● **AVAILABLE DATA**
◆ ◆ ◆ ◆ ◆
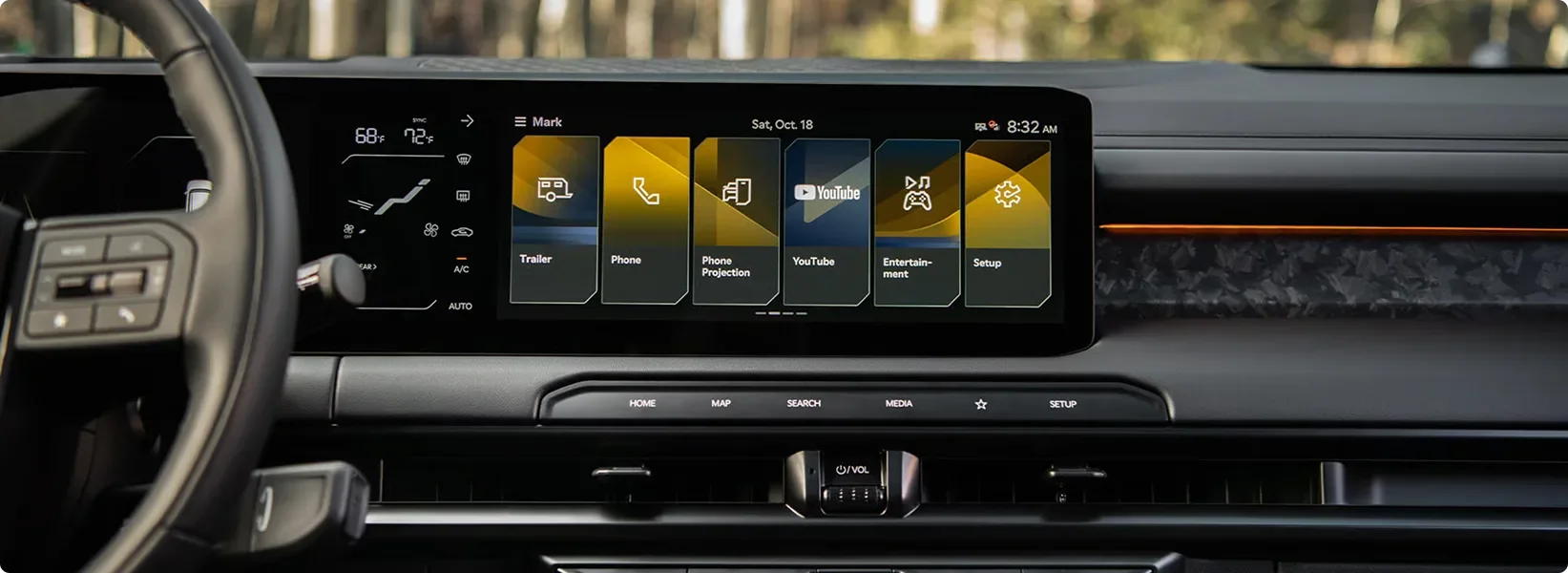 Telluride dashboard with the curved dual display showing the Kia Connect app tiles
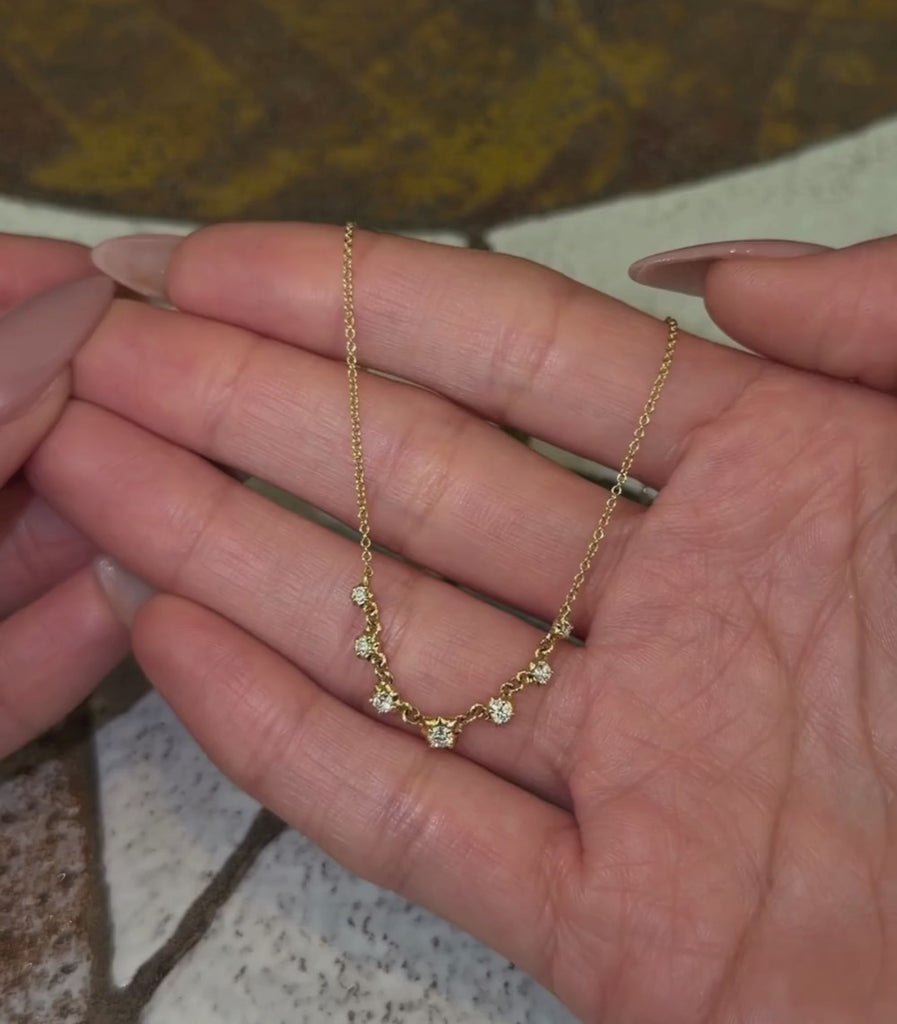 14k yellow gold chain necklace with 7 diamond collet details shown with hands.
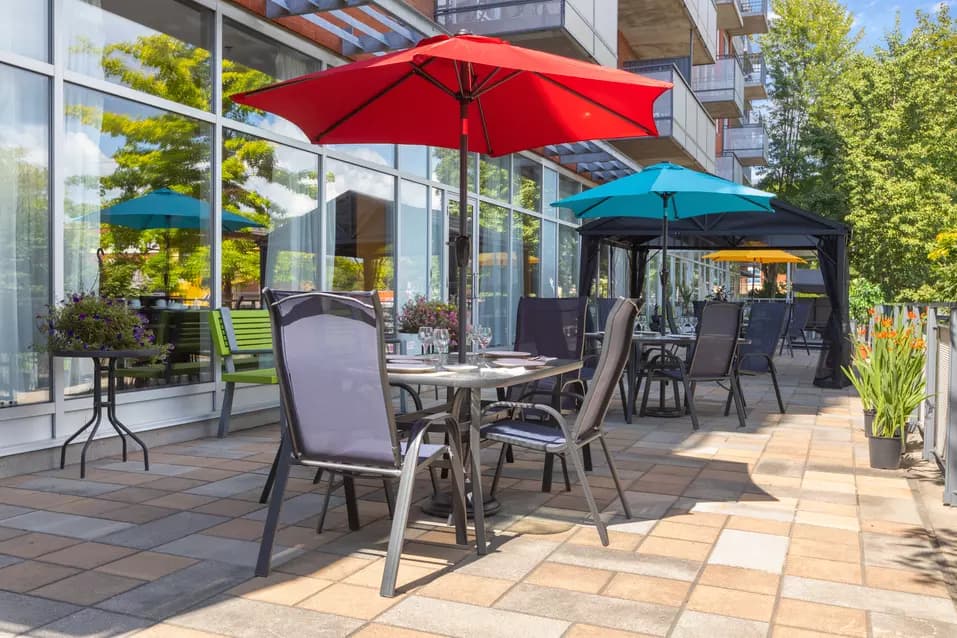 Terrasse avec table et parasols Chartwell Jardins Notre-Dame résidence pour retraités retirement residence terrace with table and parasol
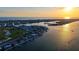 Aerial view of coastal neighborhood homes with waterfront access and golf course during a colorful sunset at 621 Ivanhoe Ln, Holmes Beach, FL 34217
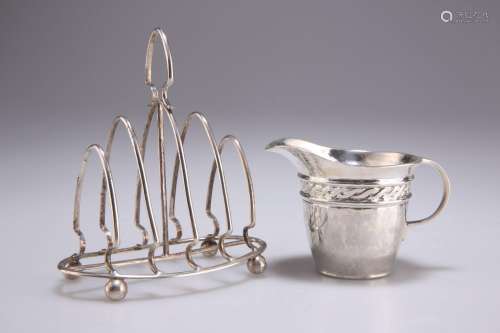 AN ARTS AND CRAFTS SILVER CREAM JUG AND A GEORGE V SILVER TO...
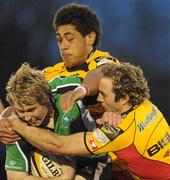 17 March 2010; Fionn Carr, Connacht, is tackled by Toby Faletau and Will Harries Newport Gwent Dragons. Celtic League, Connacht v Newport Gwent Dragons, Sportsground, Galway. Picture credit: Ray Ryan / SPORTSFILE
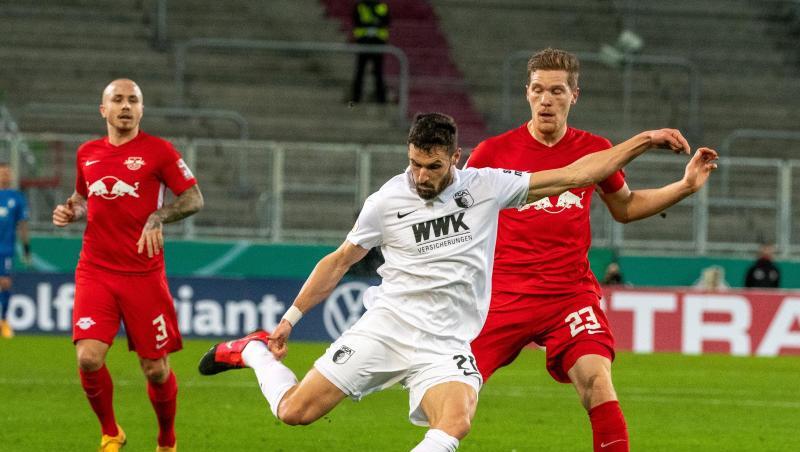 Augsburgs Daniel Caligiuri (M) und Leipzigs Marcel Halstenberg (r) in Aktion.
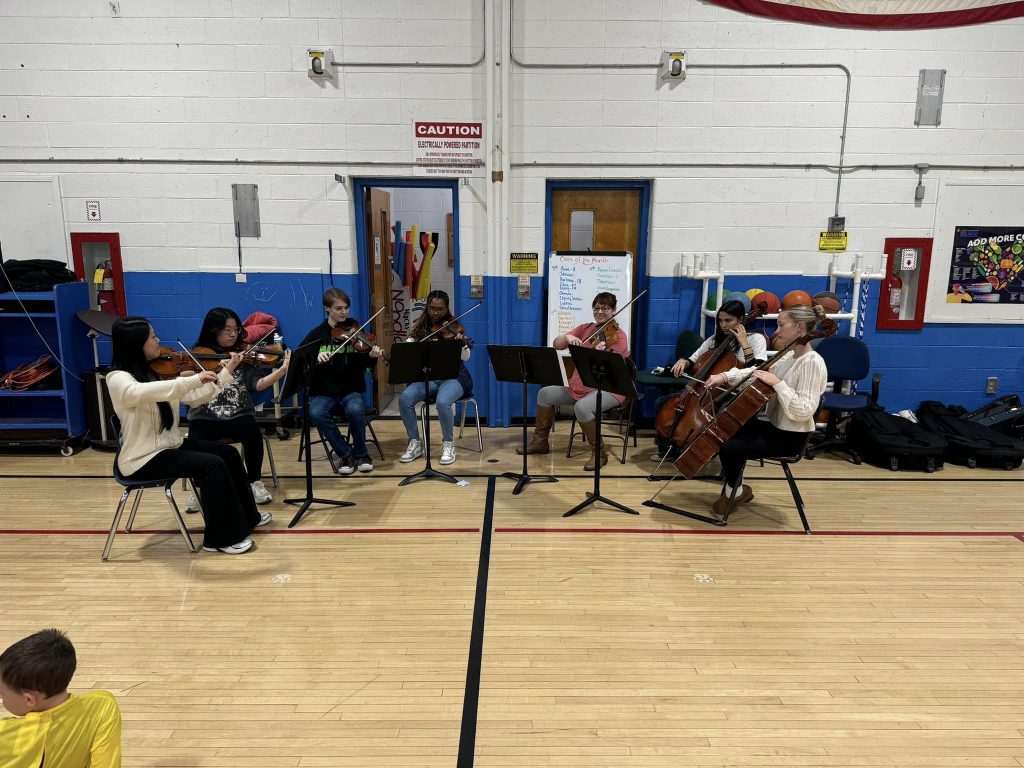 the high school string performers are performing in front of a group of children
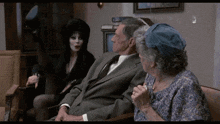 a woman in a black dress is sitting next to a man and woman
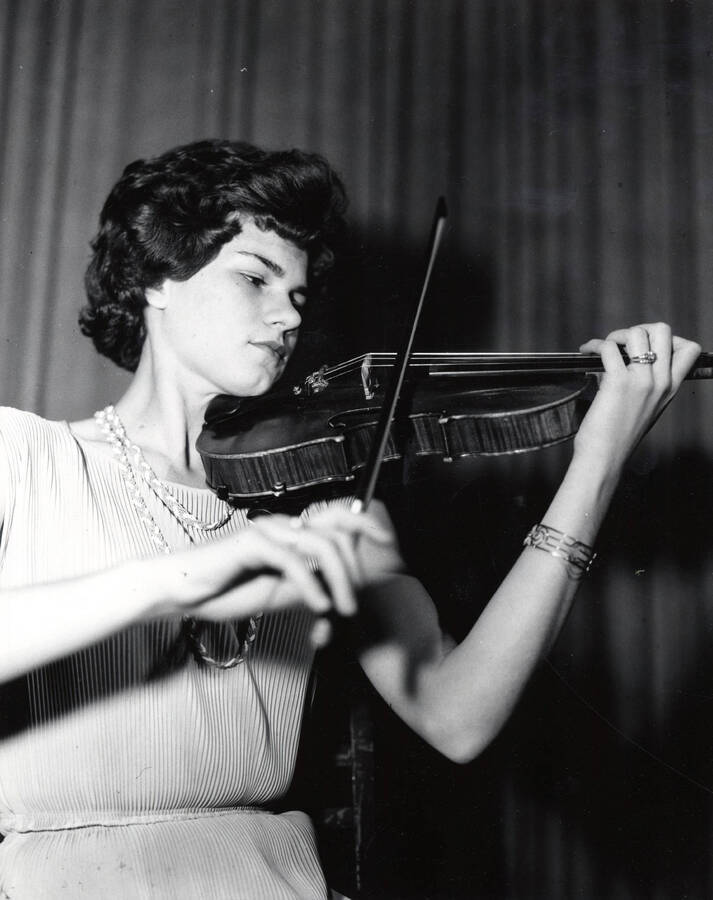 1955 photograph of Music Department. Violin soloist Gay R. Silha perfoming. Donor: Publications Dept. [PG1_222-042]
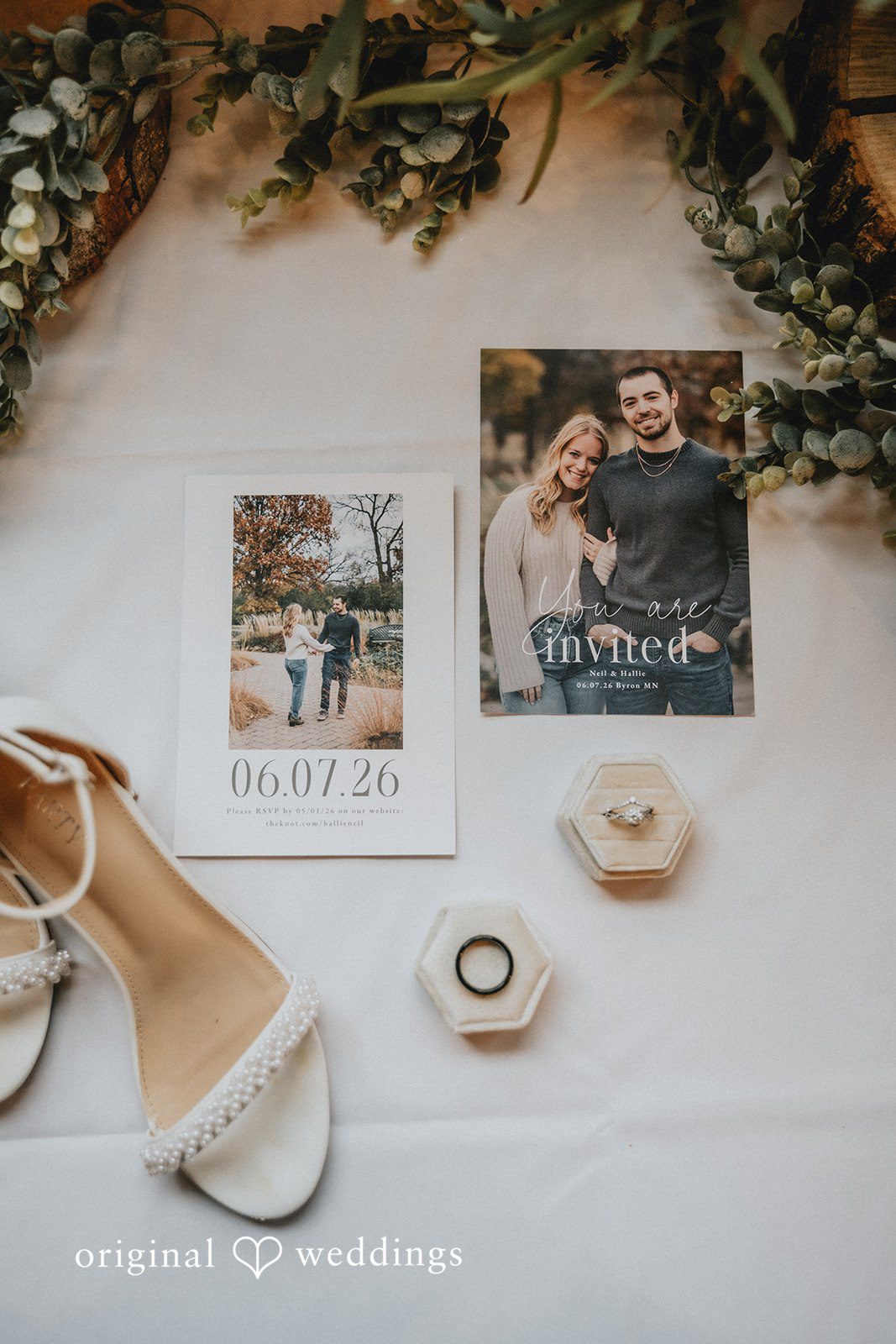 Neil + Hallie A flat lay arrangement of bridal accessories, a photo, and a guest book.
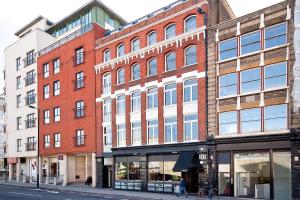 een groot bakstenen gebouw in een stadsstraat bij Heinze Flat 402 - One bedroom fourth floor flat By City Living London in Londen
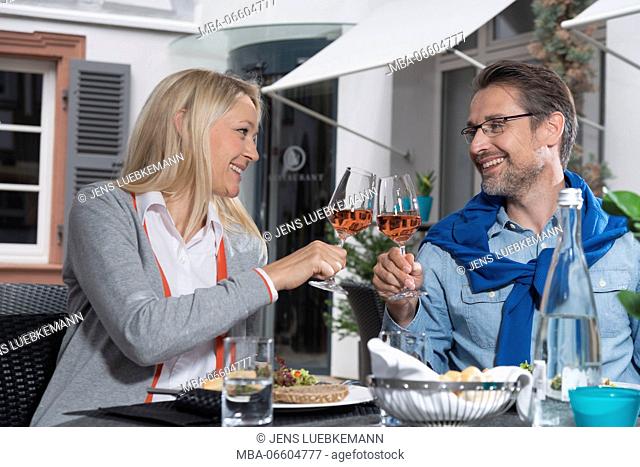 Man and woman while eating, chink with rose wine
◆ ◆ ◆ ◆ ◆
Repeat the preceding records exactly but drop the images.

 Telluride dashboard with the curved dual display showing the Kia Connect app tiles
 14k yellow gold chain necklace with 7 diamond collet details shown with hands.
 Terrasse avec table et parasols Chartwell Jardins Notre-Dame résidence pour retraités retirement residence terrace with table and parasol
 Aerial view of coastal neighborhood homes with waterfront access and golf course during a colorful sunset at 621 Ivanhoe Ln, Holmes Beach, FL 34217
 AN ARTS AND CRAFTS SILVER CREAM JUG AND A GEORGE V SILVER TO...
 17 March 2010; Fionn Carr, Connacht, is tackled by Toby Faletau and Will Harries Newport Gwent Dragons. Celtic League, Connacht v Newport Gwent Dragons, Sportsground, Galway. Picture credit: Ray Ryan / SPORTSFILE
 Augsburgs Daniel Caligiuri (M) und Leipzigs Marcel Halstenberg (r) in Aktion.
 the high school string performers are performing in front of a group of children
 a woman in a black dress is sitting next to a man and woman
 1955 photograph of Music Department. Violin soloist Gay R. Silha perfoming. Donor: Publications Dept. [PG1_222-042]
 Neil + Hallie A flat lay arrangement of bridal accessories, a photo, and a guest book.
 een groot bakstenen gebouw in een stadsstraat bij Heinze Flat 402 - One bedroom fourth floor flat By City Living London in Londen
 Man and woman while eating, chink with rose wine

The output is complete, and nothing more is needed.